While the members of Hot Chip haven’t been far from a stage since the band formed fifteen years ago, as part of a plethora of solo and side projects, tonight is their first London show together in three years. And while the house heavy 2 Bears, euphoric electronica of New Build and surprisingly stark recordings from frontman Alexis Taylor have kept momentum going, neither quite compares to when these sounds are brought together.
To someone unaware of the band, the mixed and matched sextet walking onto the stage, dressed in their finest circus/scientist chic, aren’t the obvious choice for creators of some of dance music’s finest moments of the last decade, but it’s this unique blend that’s helped to create intelligent, relevant dance tracks, ahem, over and over. At times it’s as if somebody has blended the experimentation of Kraftwerk with the stage presence of Coldplay (yet nothing like Coldplay’s Kraftwerk sampling ‘Talk’…).
Numbers from four of their previous five albums remain dance floor fillers, with ‘Over And Over’ and ‘Ready For The Floor’ creating raucous crowd movements usually reserved for newer, indie acts, and later releases (‘Night & Day’, ‘I Feel Better’) already accepted as classics. As you’d expect from an act with an ear for a beat, the set is almost seamless, despite the fact that on record each collection has its own identity.
On upcoming release Why Make Sense?, the beats are bolder and the overall sound more rounded, with disco and ‘90s dance dropped into the mix to create their strongest collection to date. Opener (of both the gig and the LP) ‘Huarache Lights’ is slowed down Moroder sprinkled with hip-hop, with the entire gig performed in front of the installation featured in the video, while for tonight’s crowd ‘Need You Now’ will undoubtably soundtrack the summer, whether heard on sun-soaked beaches or in muddy fields.

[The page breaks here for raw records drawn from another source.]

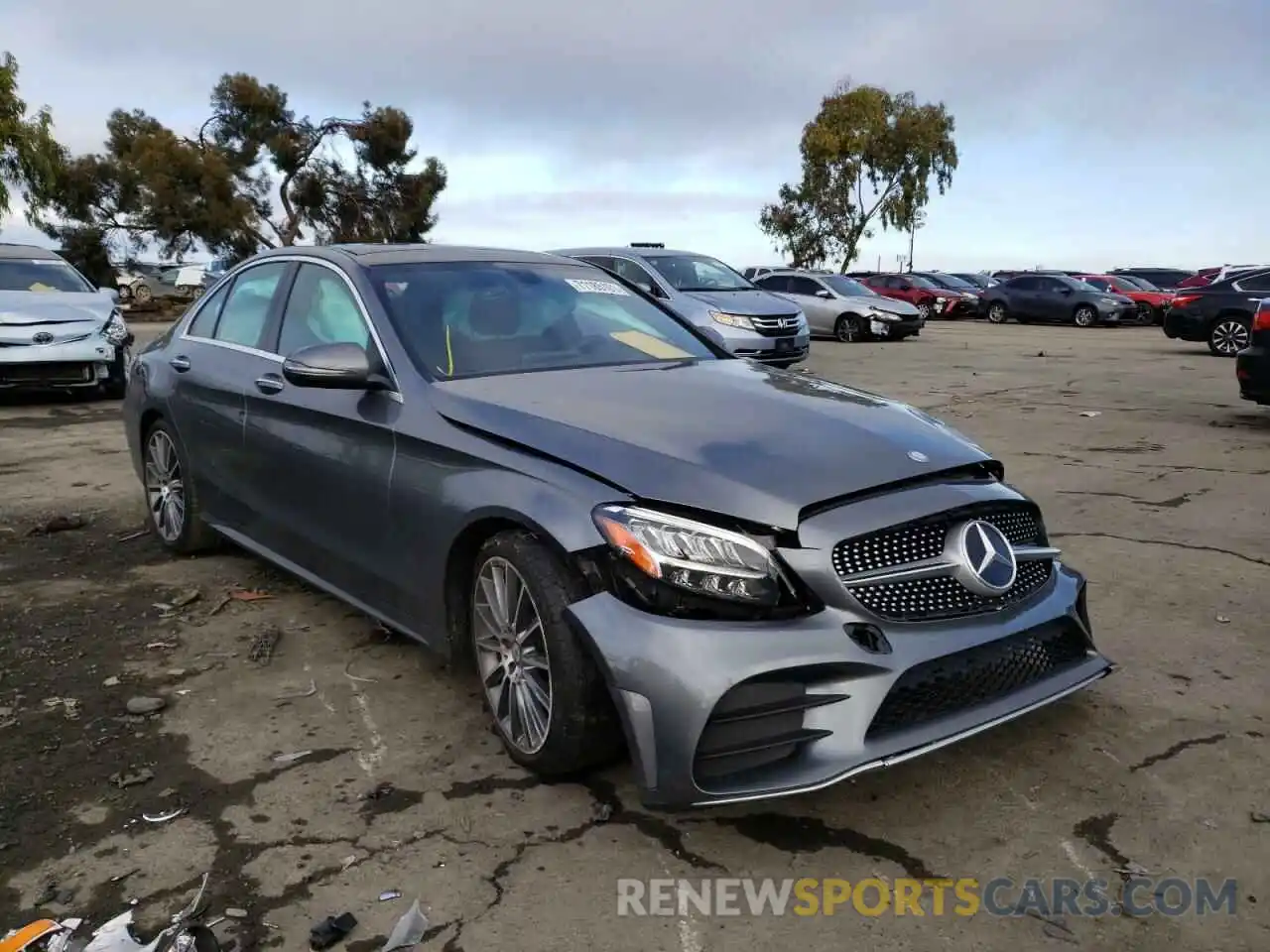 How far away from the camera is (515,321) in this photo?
410 centimetres

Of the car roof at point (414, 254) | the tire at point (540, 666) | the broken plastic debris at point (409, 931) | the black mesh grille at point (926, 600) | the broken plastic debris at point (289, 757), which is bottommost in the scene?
the broken plastic debris at point (409, 931)

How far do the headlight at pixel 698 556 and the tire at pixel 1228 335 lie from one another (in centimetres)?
1805

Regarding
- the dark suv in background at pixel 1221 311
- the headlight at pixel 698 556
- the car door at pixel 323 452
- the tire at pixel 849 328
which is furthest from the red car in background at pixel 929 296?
the headlight at pixel 698 556

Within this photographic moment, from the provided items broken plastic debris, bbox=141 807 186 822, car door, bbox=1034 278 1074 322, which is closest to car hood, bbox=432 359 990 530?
broken plastic debris, bbox=141 807 186 822

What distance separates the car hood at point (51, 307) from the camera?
10.8 metres

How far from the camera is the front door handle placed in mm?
4344

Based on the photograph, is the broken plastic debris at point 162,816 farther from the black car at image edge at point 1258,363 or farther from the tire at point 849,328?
the tire at point 849,328

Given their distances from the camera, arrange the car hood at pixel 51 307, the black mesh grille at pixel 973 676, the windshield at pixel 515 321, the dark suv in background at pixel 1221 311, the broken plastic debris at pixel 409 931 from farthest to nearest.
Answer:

‘Why Make Sense?’ closes the set, the rolling drum beat giving the band their most “band” like sound to date, while the encore sees Bruce Springsteen’s ‘Dancing In The Dark’ given an electronic makeover. There’s a moment during the live show when you realise that the men on stage – percussion playing, greying disco pimps and dad-dancers behind vintage synths – are performing some of this year’s finest beats. It doesn’t really make sense, it hasn’t ever really made sense, so why start now?